*** Data extract ***
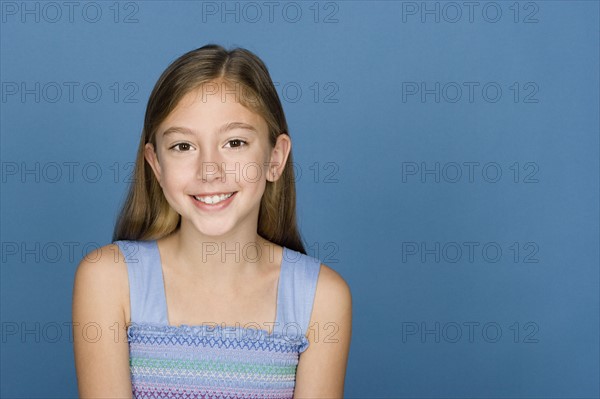 Portrait of happy girl (8-9) n blue background. Photo: Rob Lewine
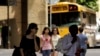 FILE - Students walk across a campus in Portland, Oregon.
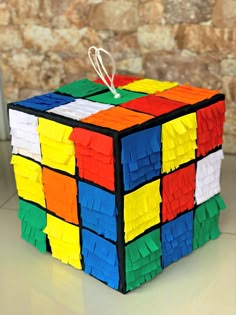 a rubik cube made out of colored paper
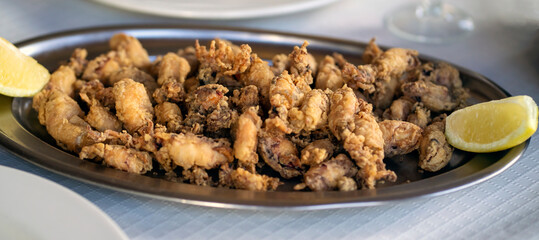 A plate with fried small delicious cuttlefish, grilled seafood closeup.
*** End of Data extract ***
Would you reproduce the lines above exactly, without carrying over the pictures?

 Portrait of happy girl (8-9) n blue background. Photo: Rob Lewine
 FILE - Students walk across a campus in Portland, Oregon.
 a rubik cube made out of colored paper
 A plate with fried small delicious cuttlefish, grilled seafood closeup.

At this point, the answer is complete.